==== AVAILABLE DATA

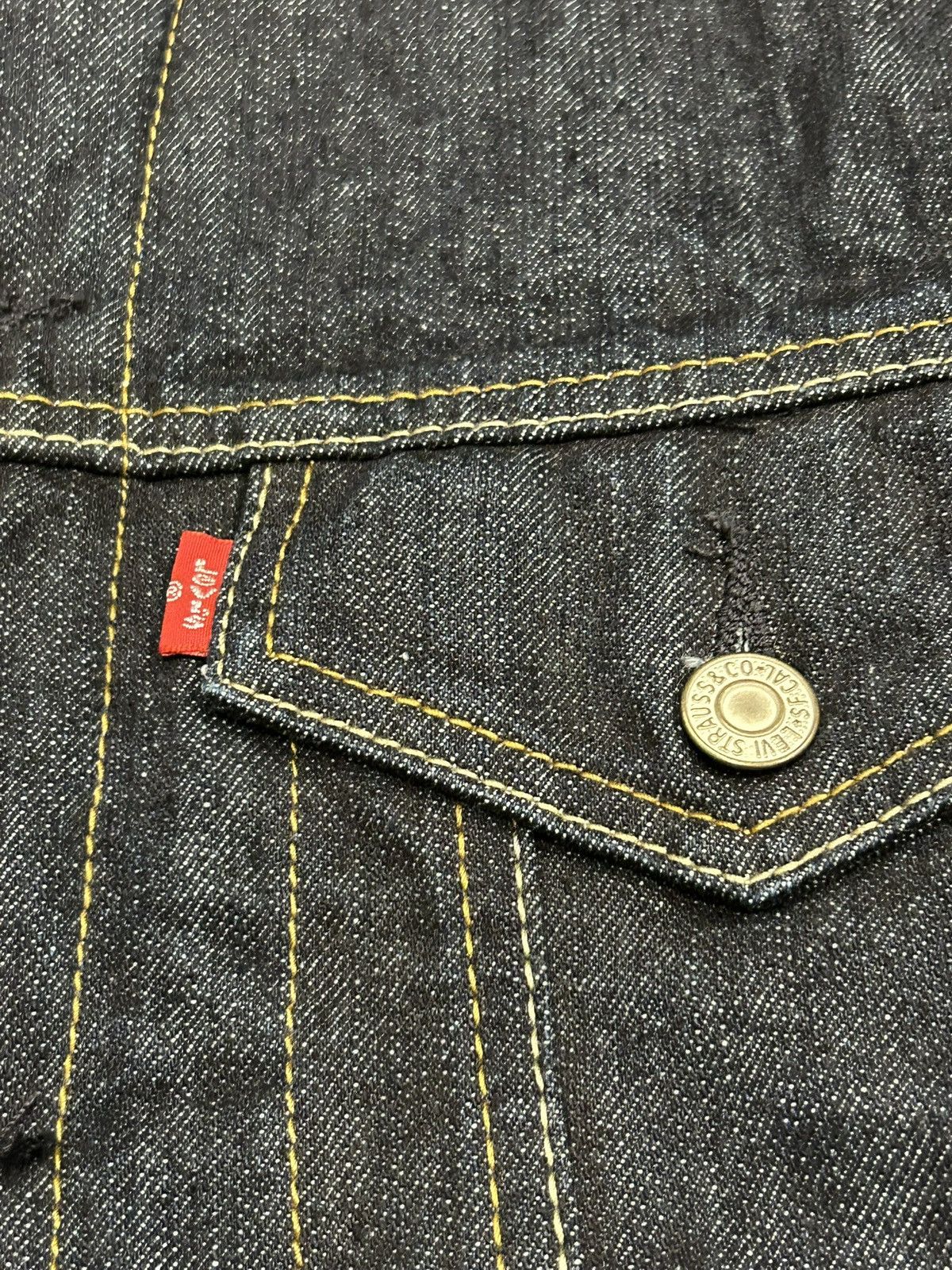 Levi's 2009 Levi's Type III Dark Wash Sherpa Lined Denim Jacket Size US L / EU 52-54 / 3 - 2 Thumbnail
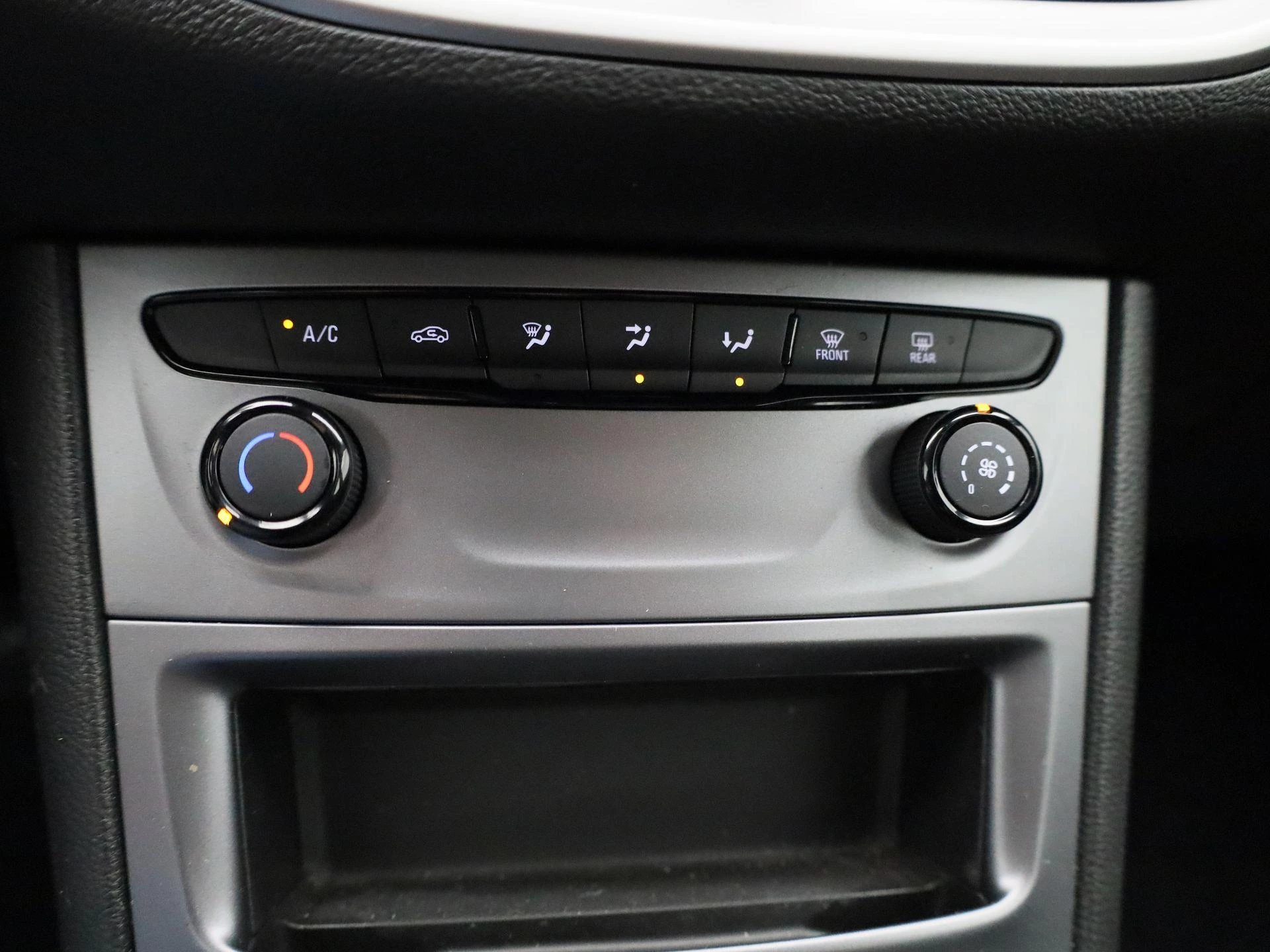 Opel-Astra-image-17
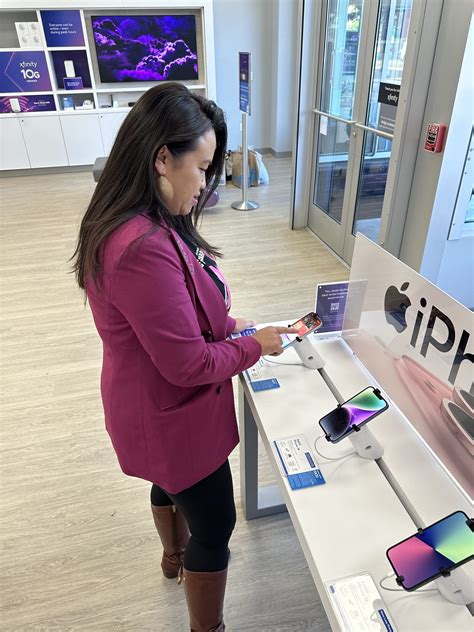 Oakland Metro Chamber of Commerce and Comcast Host Reception at New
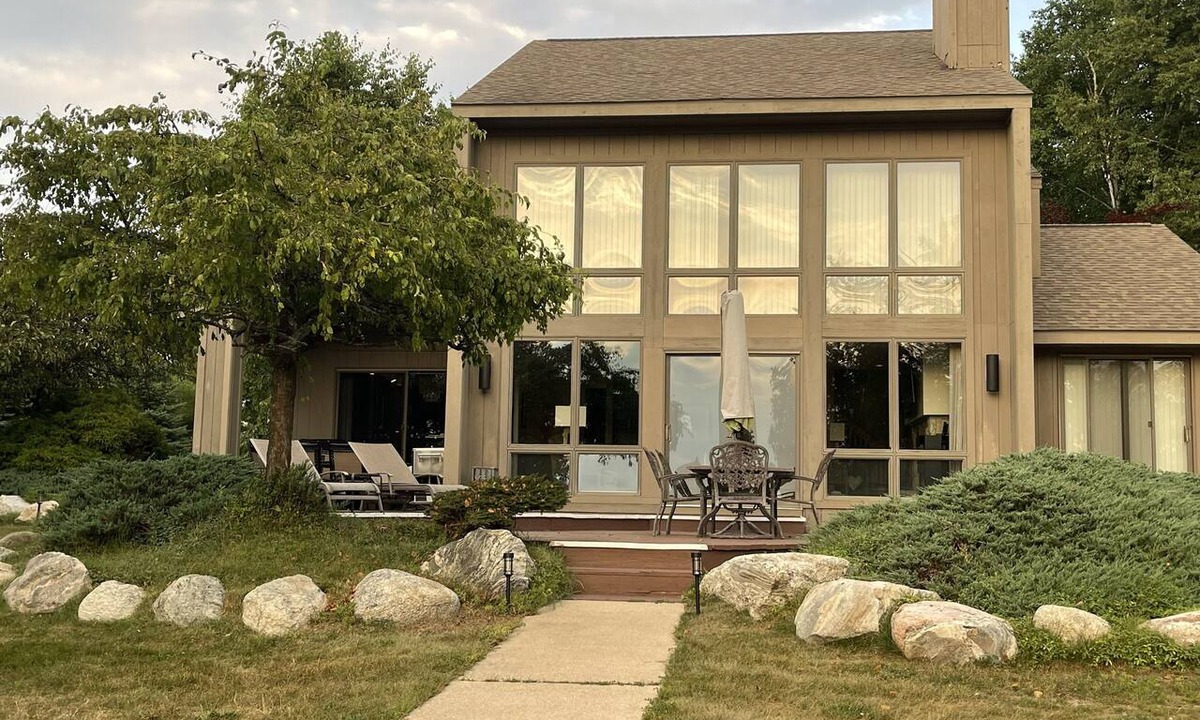 Rapid City House | Northern Michigan Getaway Near Elk Lake & Torch Lake – Sleeps 10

========

Each line of the data above needs to be retyped as it is, without any picture.

- RESPONSE
 Levi's 2009 Levi's Type III Dark Wash Sherpa Lined Denim Jacket Size US L / EU 52-54 / 3 - 2 Thumbnail
 Opel-Astra-image-17
 Oakland Metro Chamber of Commerce and Comcast Host Reception at New
 Rapid City House | Northern Michigan Getaway Near Elk Lake & Torch Lake – Sleeps 10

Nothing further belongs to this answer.